Rencontré lors du congrès annuel de l’Institut québécois de planification financière (IQPF), du 5 au 7 juin à Québec, Hervé de la Tour d’Artaise a accepté de partager ses impressions sur la France et le Québec avec Finance et Investissement.

Finance et Investissement : Quelles sont les différences et les similitudes entre l’industrie financière au Québec et en France ?

Hervé de la Tour d’Artaise : Il y a, premièrement, une différence dans la structure du marché. En France, on ne parle pas de planification financière, mais de gestion de patrimoine. Pour moi, c’est une gestion de fortune, d’actif et d’argent. La planification financière, c’est davantage une notion de gestion des flux et de positionnement dans le temps. On se fixe des objectifs pour deux ou cinq ans. On se demande où l’on est rendu aujourd’hui, où l’on sera demain et quels sont les moyens que l’on prendra pour arriver à atteindre nos buts. L’approche est un peu différente.

Une autre différence réside dans le fait qu’au Canada la retraite est un enjeu central pour l’industrie. En France, la retraite repose sur le principe de répartition. [NDLR: les cotisations prélevées sur les salaires des actifs (cotisations salariales et patronales) servent à payer les pensions des retraités selon le pacte de solidarité entre les générations.] Ce système est piloté par les partenaires sociaux et, derrière, par l’État. Nous avons donc une retraite qui, jusqu’à maintenant, était extrêmement sécurisante pour les gens qui ne voyaient pas la nécessité de faire de grandes réserves pour le futur. Toutefois, les choses changent et commencent à avoir un impact sur le rapport des jeunes Français face à l’épargne.

FI : Comment la crise a-t-elle changé la donne en France ?

Hervé de la Tour d’Artaise : Le marché se compose, en France, essentiellement des banques, qui ont une position de leaders, des assureurs et des indépendants. Si je devais établir un ordre de proportions, je dirais que les banques font 70 % des placements de capitaux, tandis que les assureurs ont 20 % et les indépendants 10 %.

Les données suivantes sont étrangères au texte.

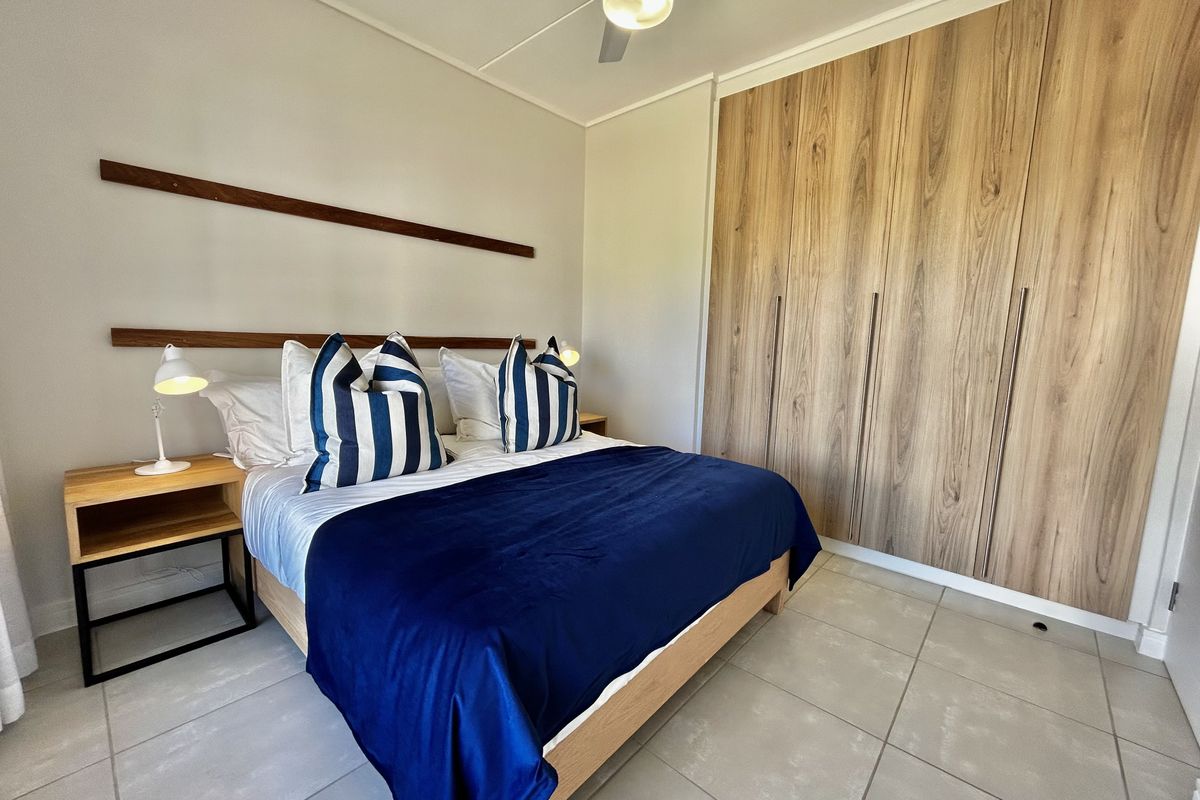 A well-maintained bedroom featuring modern wood-finish built-in cupboards, neutral tiled flooring, and a ceiling fan.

Je crois que lorsque la croissance est là et que les marchés sont bons, cela camoufle les erreurs. Quand on ne gagnait que 15 % et que marché faisait 20 %, ça excusait beaucoup de choses aux yeux des clients. Il y a maintenant une certaine méfiance des clients par rapport aux fournisseurs de produits qui ne comprenaient pas visiblement ce qu’ils ont vendu au public. Les indépendants suivent leurs clients de plus près et sont plus proactifs, ils ont donc un peu profité de cette nouvelle méfiance du public envers les banques.

Les assureurs, eux, vivent des produits à grande échelle et j’ai peur qu’ils se retrouvent dans la même situation que les banques qui offrent des produits peu adaptés et peu personnalisés aux clients.

FI : Remarquez-vous la même augmentation des exigences règlementaires en France ?

Hervé de la Tour d’Artaise : Je vois une similitude dans la réglementation, non seulement sur le marché canadien ou français, mais en Chine et partout ailleurs dans le monde. La tendance est que les pouvoirs publics veulent contrôler le marché. Les excès du passé vont forcément favoriser un renforcement du contrôle et de la réglementation.

C’est la responsabilité des professionnels de se prendre en charge, de se structurer et de s’organiser pour permettre des échanges afin d’aider les clients qui se retrouvent avec des besoins internationaux, comme les Canadiens qui travaillent en France ou les jeunes Français qui viennent ici. Si je suis certain que les autres planificateurs travaillent comme moi, je pourrais les consulter avec confiance. À l’opposé, si je sais qu’ils font n’importe quoi je n’aurai aucune confiance !

FI : Aimeriez-vous mettre sur pied des comités de travail entre les planificateurs québécois et les conseillers en gestion de patrimoine français ?

Hervé de la Tour d’Artaise : Je travaille essentiellement pour des cadres d’entreprise de tous les secteurs d’activités, il est donc très fréquent qu’ils travaillent dans deux pays ou plus durant leur carrière. On ne peut plus faire de la planification financière si l’on ignore les environnements fiscaux et financiers des autres pays. Ce qui est important, c’est qu’on ait la même façon de travailler. En France, nous ne serons jamais spécialistes de la retraite canadienne et vice-versa. Toutefois, par l’intermédiaire de l’IQPF, je pourrais avoir un interlocuteur honnête et professionnel qui pourrait m’aider à satisfaire le besoin de mon client. L’important, c’est de protéger le client.